The federal government is facing a default if Congress can not come up with a deal to trim the nation's debt or raise its borrowing authority by Aug. 2, the day federal treasury officials say they will have to breach the current $14.3 trillion debt ceiling.
Bond rating agencies Moody's Investors Service and Standard & Poor's have warned that the federal government's AAA bond rating is under review for a possible downgrade, which would increase the cost of borrowing.
Now, the agencies have also warned they could review bond ratings for AAA-rated local governments. Howard County government has retained its AAA bond rating from all three rating agencies for the past 14 years.
Another potential impact of the debt crisis is that if Congress can't reach a deal, the federal government will not have the money it needs to run many of its agencies, which employ thousands of Marylanders.

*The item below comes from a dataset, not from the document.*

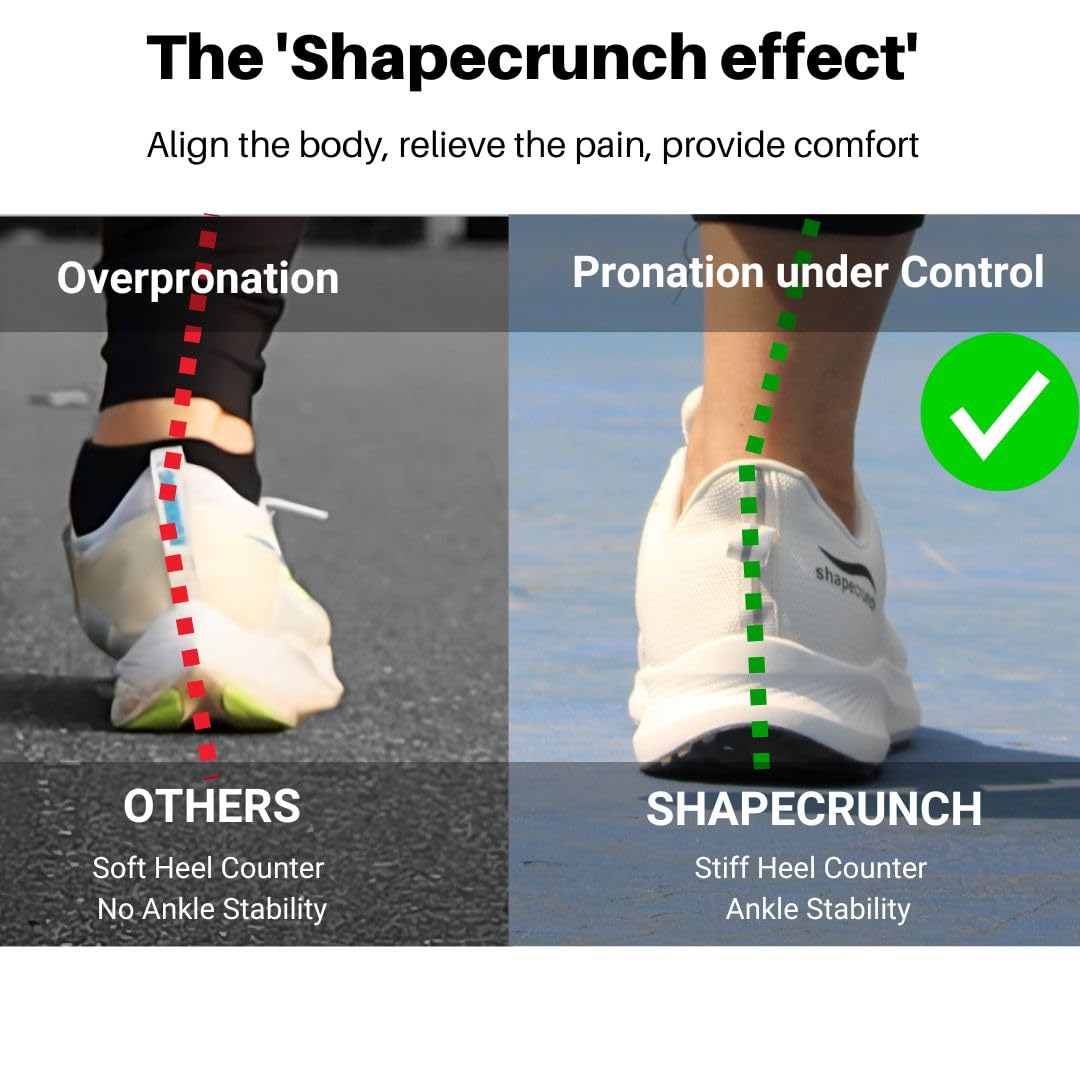 SHAPECRUNCH Zapatos de soporte de arco con plantillas acolchadas suaves para hombre para caminar y correr, cómodos y elegantes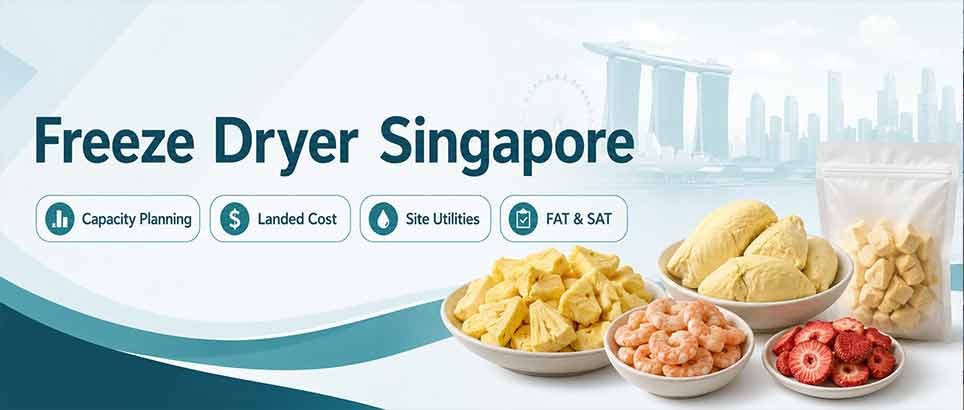 Freeze Dryer Singapore commercial food project guide header with capacity planning, landed cost, site utilities and FAT SAT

"This stalemate poses real risks to residents of Howard County and Maryland who are employed by the federal government or who rely on Social Security and other benefits for survival," Ulman said in the statement.
Without its resident federal employees being paid, the county could face a loss of income tax revenue, its second largest revenue source next to property taxes.
Ulman has directed the Maryland Association of Counties to hold a conference call Monday, July 18 for all of the state's local finance officials to discuss the situation and possible strategies.